【課題】本発明の目的は、切除領域が搬送ローラ対にニップされないときでも、適正に用紙を裁断できる用紙裁断装置を提供することであり、さらに、前記裁断により生じた不要部分である切除片を、搬送経路上の下流部に移送することなく、裁断部下方の切除片箱に落下させて確実に回収することである。
【解決手段】前記用紙裁断装置は、用紙を搬送する用紙搬送手段と、前記用紙を用紙の搬送方向と直交する幅方向に裁断する裁断手段と、前記裁断時に用紙を搬送経路上に保持する用紙保持手段とを設けてなることを特徴とするものである。

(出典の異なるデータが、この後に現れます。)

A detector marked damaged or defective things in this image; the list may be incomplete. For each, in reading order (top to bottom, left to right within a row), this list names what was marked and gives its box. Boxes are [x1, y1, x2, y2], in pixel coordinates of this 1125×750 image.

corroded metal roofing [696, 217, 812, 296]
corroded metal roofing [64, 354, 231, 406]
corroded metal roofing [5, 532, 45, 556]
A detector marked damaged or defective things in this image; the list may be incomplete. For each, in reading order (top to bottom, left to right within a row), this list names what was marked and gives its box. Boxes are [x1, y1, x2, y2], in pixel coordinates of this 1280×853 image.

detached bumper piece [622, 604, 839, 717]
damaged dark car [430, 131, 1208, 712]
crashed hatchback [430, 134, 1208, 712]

用紙を搬送する用紙搬送手段と、前記用紙を用紙の搬送方向と直交する幅方向に裁断する裁断手段と、前記用紙の裁断位置を挟んで用紙搬送方向の上流側及び/又は下流側に配置され、前記裁断時に用紙を搬送経路上に保持する用紙保持手段と、を設けてなることを特徴とする用紙裁断装置。
前記用紙保持手段は、用紙の搬送経路上側に設置される固定押さえ部材と、前記用紙の搬送経路を隔てて下側に、前記固定押さえ部材と対向するように設置されると共に、前記固定押さえ部材に対して接離自在に設けられた可動押さえ部材と、からなることを特徴とする請求項1に記載の用紙裁断装置。

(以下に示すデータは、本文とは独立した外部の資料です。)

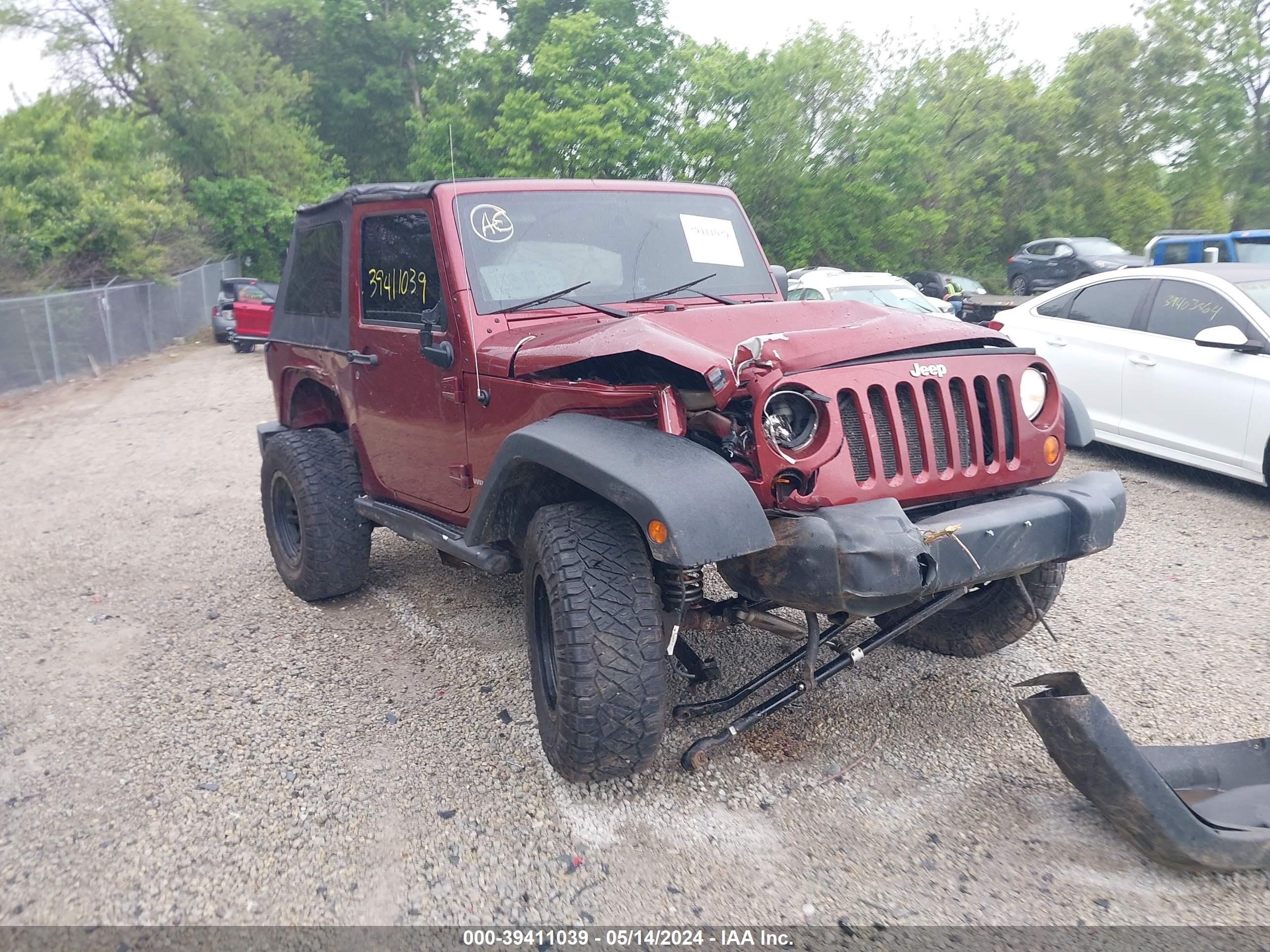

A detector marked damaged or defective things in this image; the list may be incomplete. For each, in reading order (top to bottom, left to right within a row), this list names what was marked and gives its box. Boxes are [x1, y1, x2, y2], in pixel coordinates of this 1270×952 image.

crumpled hood [477, 303, 1011, 383]
damaged headlight [757, 388, 817, 452]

前記裁断手段は、用紙搬送経路を介して、固定刃と、前記固定刃に対して上下方向に往復移動することにより用紙を裁断する可動刃とを対向配置することにより構成されることを特徴とする請求項1乃至請求項5に記載の用紙裁断装置。
前記裁断手段は、用紙搬送方向と直交する幅方向に移動することにより用紙を裁断する一対の回転刃を有し、前記一対の回転刃は、用紙搬送経路を介して、上側に配置される上側回転刃と、下側に配置される下側回転刃とを対向配置することにより構成されることを特徴とする請求項1乃至請求項5に記載の用紙裁断装置。

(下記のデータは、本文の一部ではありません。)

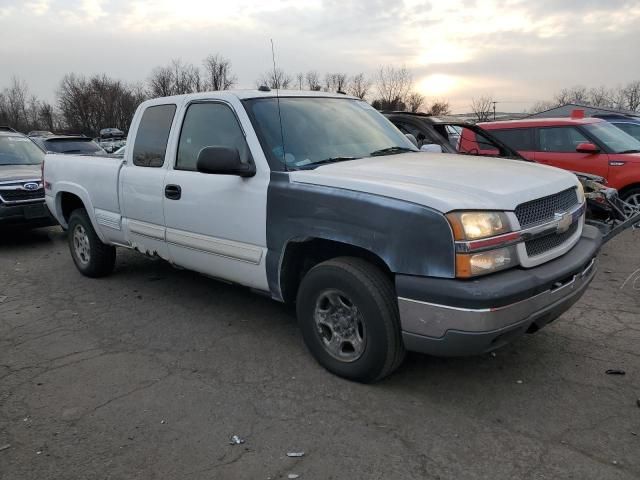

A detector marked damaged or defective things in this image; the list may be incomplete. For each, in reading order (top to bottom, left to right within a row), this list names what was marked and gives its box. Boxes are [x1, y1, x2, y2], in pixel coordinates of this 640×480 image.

damaged vehicle [46, 90, 604, 382]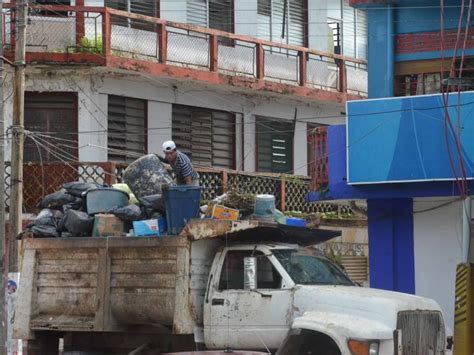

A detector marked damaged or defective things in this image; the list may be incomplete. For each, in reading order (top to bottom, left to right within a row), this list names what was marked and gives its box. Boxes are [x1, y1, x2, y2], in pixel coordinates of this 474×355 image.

rusty vehicle [12, 221, 448, 354]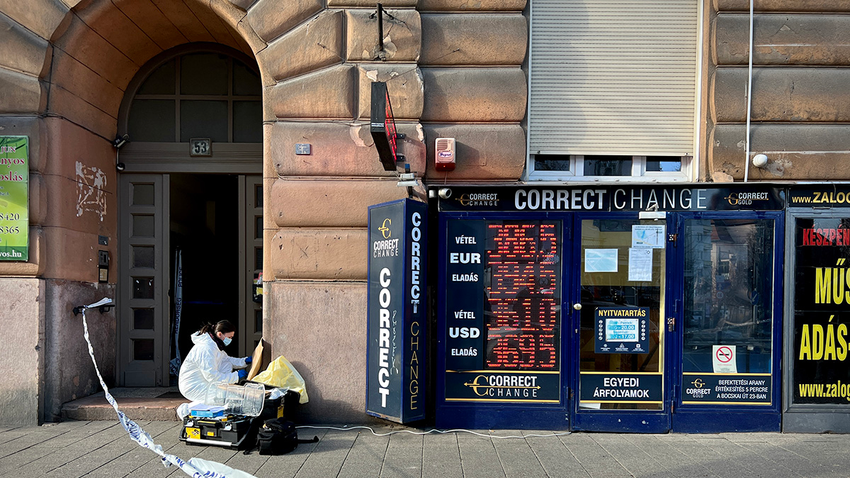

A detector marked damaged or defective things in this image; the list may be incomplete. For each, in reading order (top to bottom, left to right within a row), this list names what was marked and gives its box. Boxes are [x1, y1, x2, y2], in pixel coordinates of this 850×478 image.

用紙を搬送し、前記用紙を用紙搬送方向と直交する幅方向に裁断する用紙裁断方法において、前記裁断時においては、前記用紙の搬送を前記裁断位置で停止し、用紙を搬送経路上に保持した状態にて、裁断することを特徴とする用紙裁断方法。
前記裁断時においては、用紙搬送経路上側に設置される固定押さえ部材に対して、前記用紙搬送経路を隔てて下側に、前記固定押さえ部材と対向するように設置されると共に、前記固定押さえ部材に対して接離自在に設けられた可動押さえ部材を押圧し、用紙を可動押さえ部材と固定押さえ部材との間に挟持状態とすることを特徴とする請求項8に記載の用紙裁断方法。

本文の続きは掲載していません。